Acoustic based and somewhat playful, this is a prog ballad. It moves in very progish directions with strong vocal harmonies and instrumental interplay, all within the balladic format.
She Walked Out the Door
Starting with a classic rock sort of mode, the song pretty much stays true to that format. It includes some great vocal arrangements and a powerful melody all in a package that comes across as strong classic rock with progish elements.
A dramatically arranged prog texture begins this cut, which moves in a slow building mode. It takes on solid prog stylings including varying harder segments and definite progressive rock riffing. This one is quite in the mode of Renaissance or old Genesis. Some of the segments particularly hit that very dramatic style of the Genesis' catalog. The cut then shifts into high gear with a fast paced prog jam that calls to mind many bands including Yes, ELP, UK and King Crimson. This progressive jam is very powerful and a definite high point of the disc. The number stops at one point, then reinvents itself. This segment is '70's prog type music that is done very well. The composition moves back into verse related mode to finish it out.
Take It Higher
A bouncy sort of acoustic rock number, this one has a nice guitar solo. It contains some strong prog elements and a nice progressive rock jam in a mellow mode. This one gets a bit funky right at the end.
Double Bass
This prog instrumental starts with a bass oriented arrangement. The tune pushes forward at a fast pace, taking on Crimsonesque guitar tones. The jam includes Emersonian keyboards.
Just A Girl
Another bouncy cut, this one is not quite on the par of the rest of the disc. It is still a good pop/rock number and features an interesting guitar solo.
"Meteor" is bouncy prog that feels a bit like "The Knife" from Genesis at times. The cut changes gear to a pretty piano based melody. It then changes gear to strong ELP styled music. This is a very powerful piece.

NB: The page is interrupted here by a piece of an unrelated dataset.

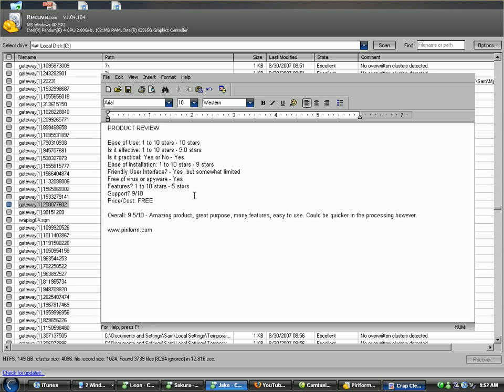Support. 9 out of 10. I'm not going to delve into this. Check out the Crap Cleaner review and you'll see their support. Because it's basically the same thing, since they're made by the same company. Price slash cost. Recover is free. 100% free.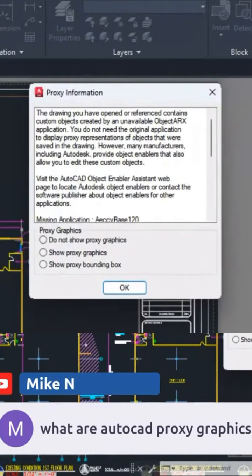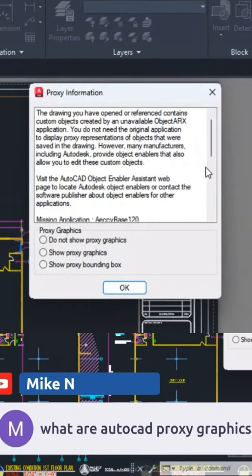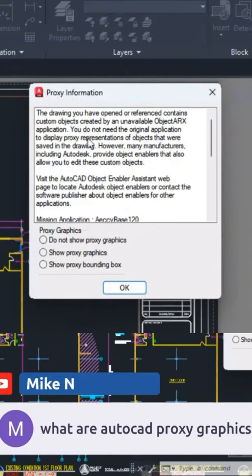Proxy objects or graphics are simply items that were created using a different program — for instance AutoCAD Civil 3D, AutoCAD Architecture, and so on. These items were created there but somehow ended up inside your AutoCAD drawing, which is why AutoCAD is warning you about these proxy objects.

Coming in on a crescendo, the song drops rapidly to a UK sort of texture. As it keeps progressing, it really starts to take on modes a bit like the more evocative Emerson, Lake and Palmer tracks. The lyrics to this one contain the album title. After a time, it starts to reinvent itself, incorporating Latin tones into its progressive rock structure. With all its varied textures, this is the strongest number on the CD. It just seems to keep changing styles as it moves along. Elements included on this track are Yesish modes, ELP oriented material, fusion and UKish tones.
Where I Belong
A pretty and lush ballad this is good progressive rock. It becomes very powerful slow tempoed prog later on. It drops into ambient textures that make up the last minutes of the piece.